Sports fans here can root for the San Antonio Spurs basketball team. People in the Panhandle are familiar with the town of Spur, in Dickens County, and they have heard stories of the old Spur Ranch that gave the town its name.
Others are spurred to action by one thing or another, and someone who has earned a certain degree of recognition is said to have earned his spurs.
That term, which may be associated with the era of the cowboy, actually goes back to the spurs beginning, during the Roman Empire, when spurs were a mark of rank. For those Romans, the earning of spurs was no mere phrase.
In America, spurs became an essential part of the cowboy's working life. For the uninitiated, spurs consist of a spiked rowel attached to a metal heel band. Accessories such as 'jingle bobs' make the spurs 'jingle jangle jingle,' as the old cowboy song would have it.
But that misses the point. Spurs were not made to jingle jangle jingle but were de signed to communicate to a horse the rider's desire to 'gid dy up' or, with more spurring, to run hell-bent for leather.

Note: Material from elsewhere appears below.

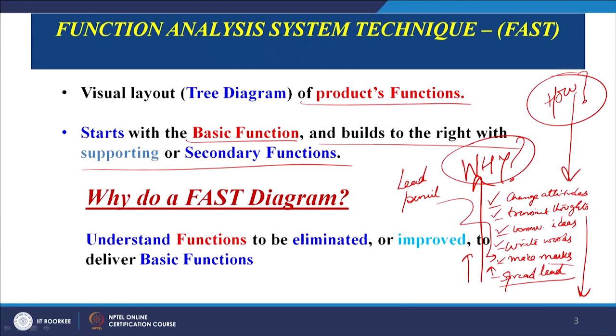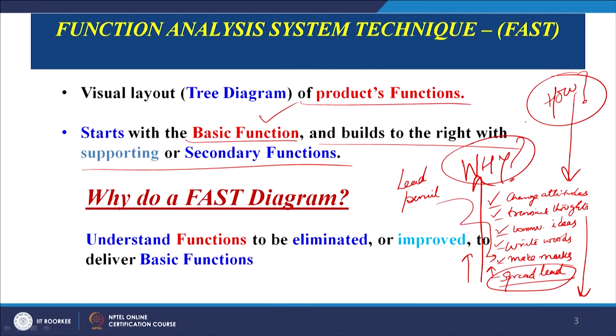By asking these why and how-type questions for each product, we will be able to find the basic function, the secondary function, and the tertiary function of the product. From this analysis we can determine that the basic function is to spread lead, and this is now a challenge for the designer to find means, mechanisms, and techniques of spreading lead on a piece of paper — for a painter making sketches, an engineer making drawings, or a child writing alphabets. So as a designer, one must see how this basic function of spreading lead is to be achieved by the product.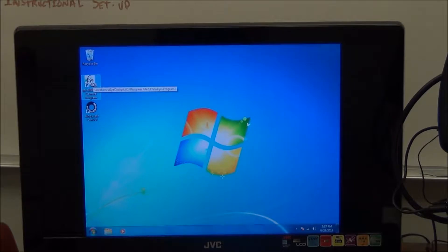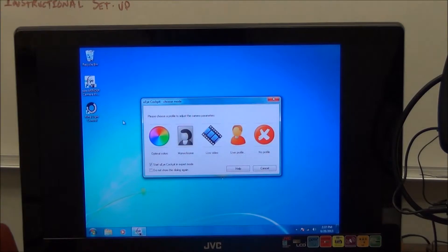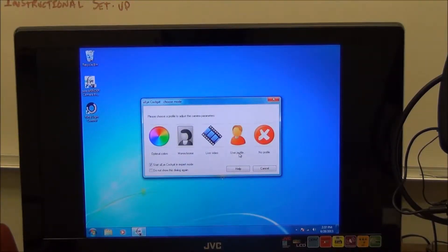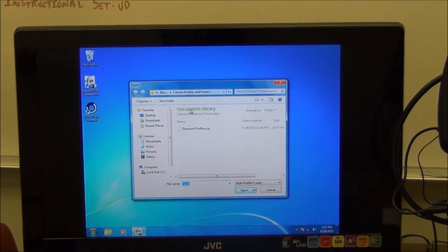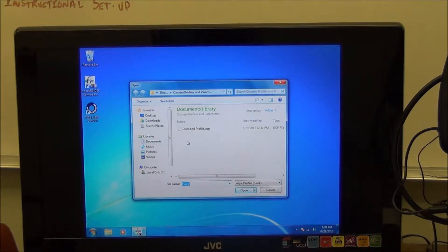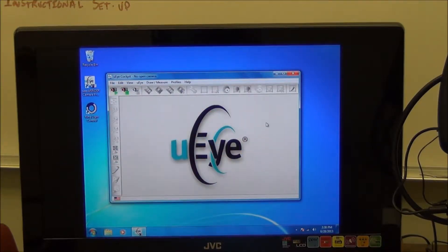We'll go ahead and open the SpecFinder camera software by double-clicking on it. You'll have several options to open the camera, and what you want to do is open the user profile. The user profile contains certain camera settings that have been stored — you can change these depending on your own application and preferences. We've loaded some settings and called them diamond parameters. Click on that and a dialog box opens, stored under the document library on Windows 7, where you'll see the diamond profile. Open that profile and it takes you into the actual camera software.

The Spanish showed up in North America with huge gaudy spurs with rowels that measured six to eight inches around. Modified in America, the smaller spurs proved to be less cumbersome, not to mention easier on the horses.
In America, spurs took on regional differences. In northern climes, where chaps were the order of the day, spurs often came with chap guards. What's known as the 'Texas spur' is usually built as a single piece and is rarely seen a with a chap guard. There is a California type spur, but it's been noted that John Wayne usually wore Texas spurs in his movies.
For anyone wanting to know more about spurs, or to see just about every kind of spur ever made, a trip to the Coryell Museum and Historical Center in Gatesville, home of the Lloyd and Madge Mitchell Collection, is in order.
The Mitchell collection consists of several thousand spurs and if it's not the biggest collection in the world, no one has found a bigger one. Because of it, Gatesville is known, by legislative decree in 2001 no less, as the 'Spur Capital of Texas.'
The collection was the passion of Lloyd Mitchell, who coached football, baseball, track, tennis and baseball at Gatesville High School in the 1940s and 50s. He left coaching but continued to teach, and he continued a lifelong passion for collecting spurs.
Mitchell said he began collecting spurs when he found one spur on a ranch in Wyoming and started looking for its match. It's not recorded whether or not he found it but he found about 10,000 spurs from all over the world and all walks of life.
That includes spurs from Spain, France, Morocco, the Philippines, Europe, South America, and from the famous (Jacqueline Kennedy) and the infamous (Pancho Villa.)
Maybe you don't spend a lot of time thinking about spurs, but after a trip to the Coryell Museum to see Mitchell's collection, you won't think about them the same way again.